In the listing below, find the line with "lockerkast,RAL 7021/RAL 7035,HxBxD" and the line with "Womens White Nike", then return them and every line between them exactly, minus the pictures.

## Input for this task
|---|

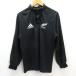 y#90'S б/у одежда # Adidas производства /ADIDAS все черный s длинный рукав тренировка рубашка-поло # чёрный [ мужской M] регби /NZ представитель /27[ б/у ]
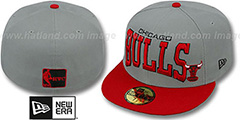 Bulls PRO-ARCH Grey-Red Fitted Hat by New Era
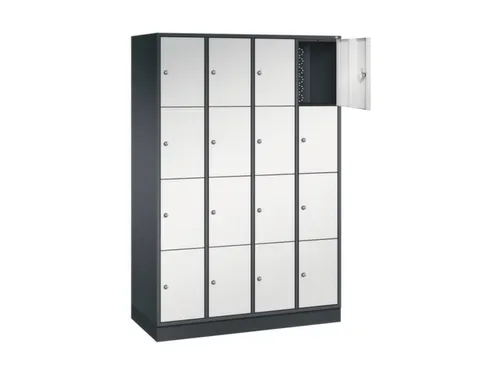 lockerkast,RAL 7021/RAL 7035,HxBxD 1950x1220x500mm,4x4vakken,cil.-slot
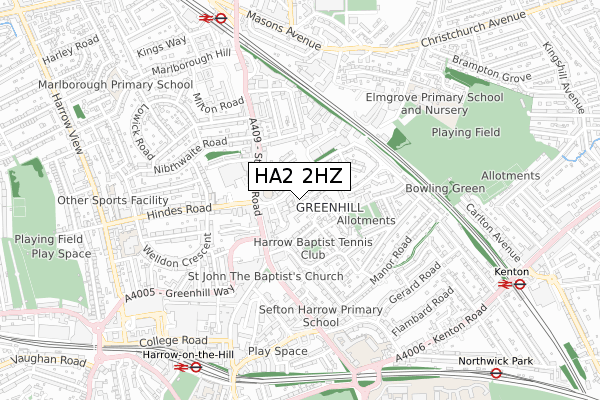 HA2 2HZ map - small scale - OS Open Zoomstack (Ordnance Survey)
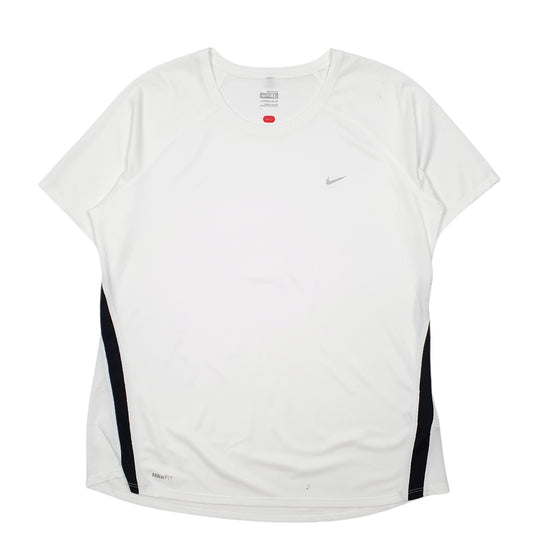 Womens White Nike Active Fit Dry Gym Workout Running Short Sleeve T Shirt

|---|

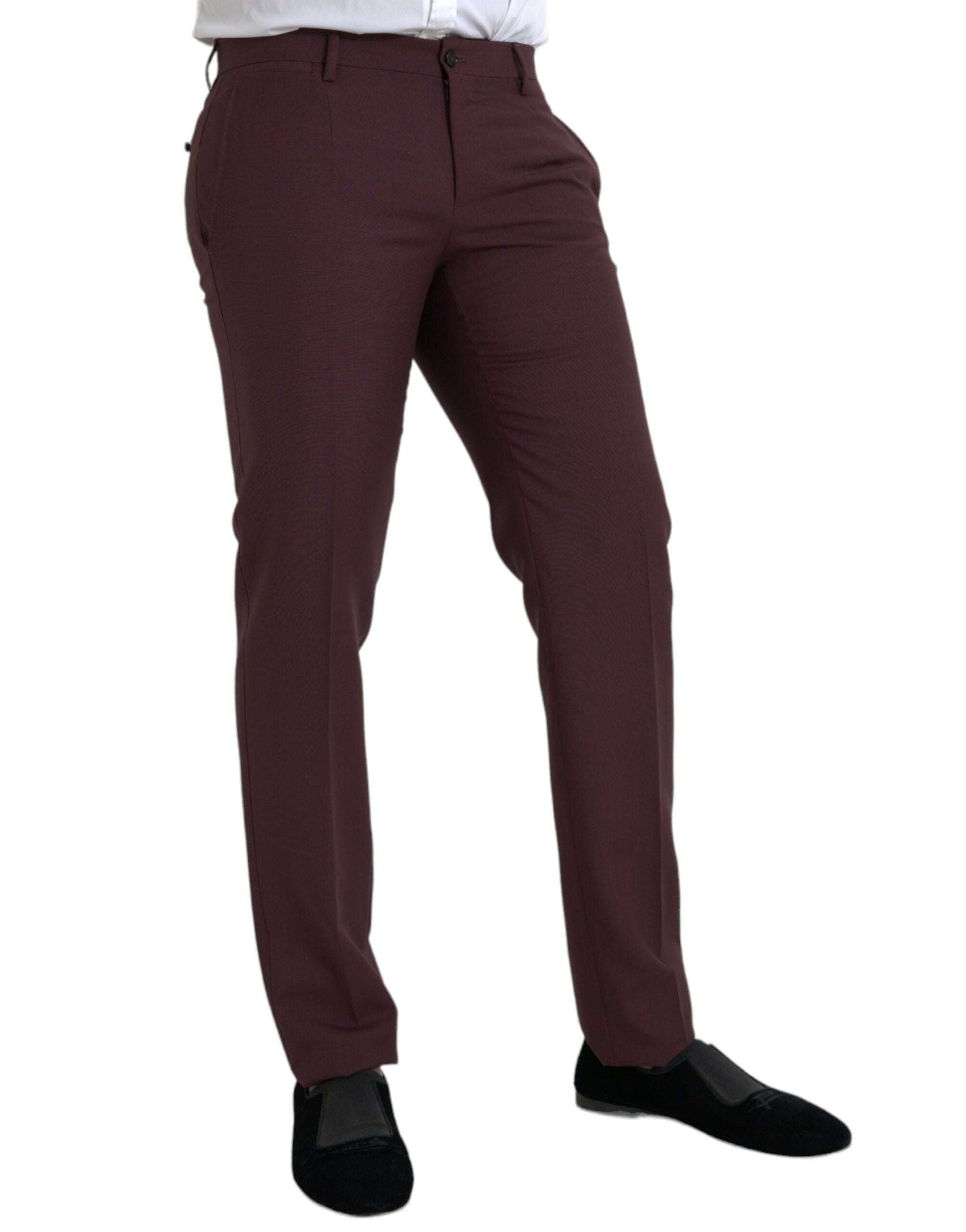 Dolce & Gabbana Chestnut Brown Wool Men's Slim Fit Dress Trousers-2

|---|

## Exercise answer
 lockerkast,RAL 7021/RAL 7035,HxBxD 1950x1220x500mm,4x4vakken,cil.-slot
 HA2 2HZ map - small scale - OS Open Zoomstack (Ordnance Survey)
 Womens White Nike Active Fit Dry Gym Workout Running Short Sleeve T Shirt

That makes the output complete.